■ Supplied data:

********

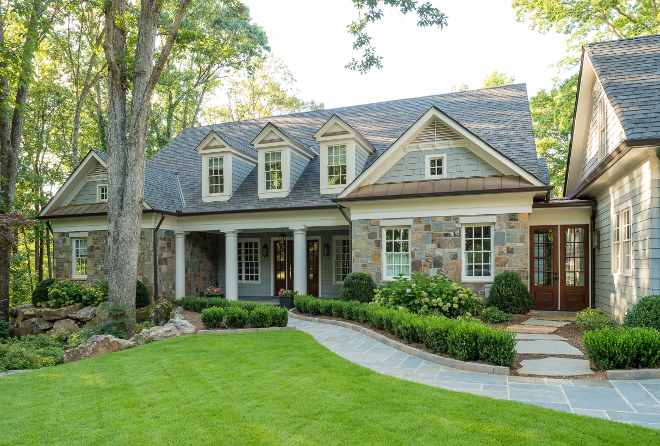 Traditional home ideas. This house is located in a well established neighborhood in Atlanta with mature trees and shrubs. The former house was a dark, dated ranch and this couple wanted an updated, bright home with open concept interiors with great entertaining spaces that centered around the pool and gardens. They also wanted the house to seem like it had always been there. The shingles and stone work are classic architectural features that stand the test of time. #traditionalhomes traditional-home-exterior Interiors by Courtney Dickey. Architecture by T.S. Adam Studio.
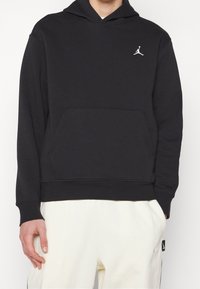 Schwarzer Kapuzenpullover aus Baumwollmischgewebe, mit Kängurutasche und weißem Jumpman-Logo auf der Brust. Glatte Textur, lockere Passform.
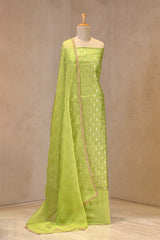 Gold zari woven ethnic buti and on Lime Green Chiniya silk unstitched suit set with an embroidered organza dupatta.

********

Leaving the pictures out, output all of the listing exactly.

 Traditional home ideas. This house is located in a well established neighborhood in Atlanta with mature trees and shrubs. The former house was a dark, dated ranch and this couple wanted an updated, bright home with open concept interiors with great entertaining spaces that centered around the pool and gardens. They also wanted the house to seem like it had always been there. The shingles and stone work are classic architectural features that stand the test of time. #traditionalhomes traditional-home-exterior Interiors by Courtney Dickey. Architecture by T.S. Adam Studio.
 Schwarzer Kapuzenpullover aus Baumwollmischgewebe, mit Kängurutasche und weißem Jumpman-Logo auf der Brust. Glatte Textur, lockere Passform.
 Gold zari woven ethnic buti and on Lime Green Chiniya silk unstitched suit set with an embroidered organza dupatta.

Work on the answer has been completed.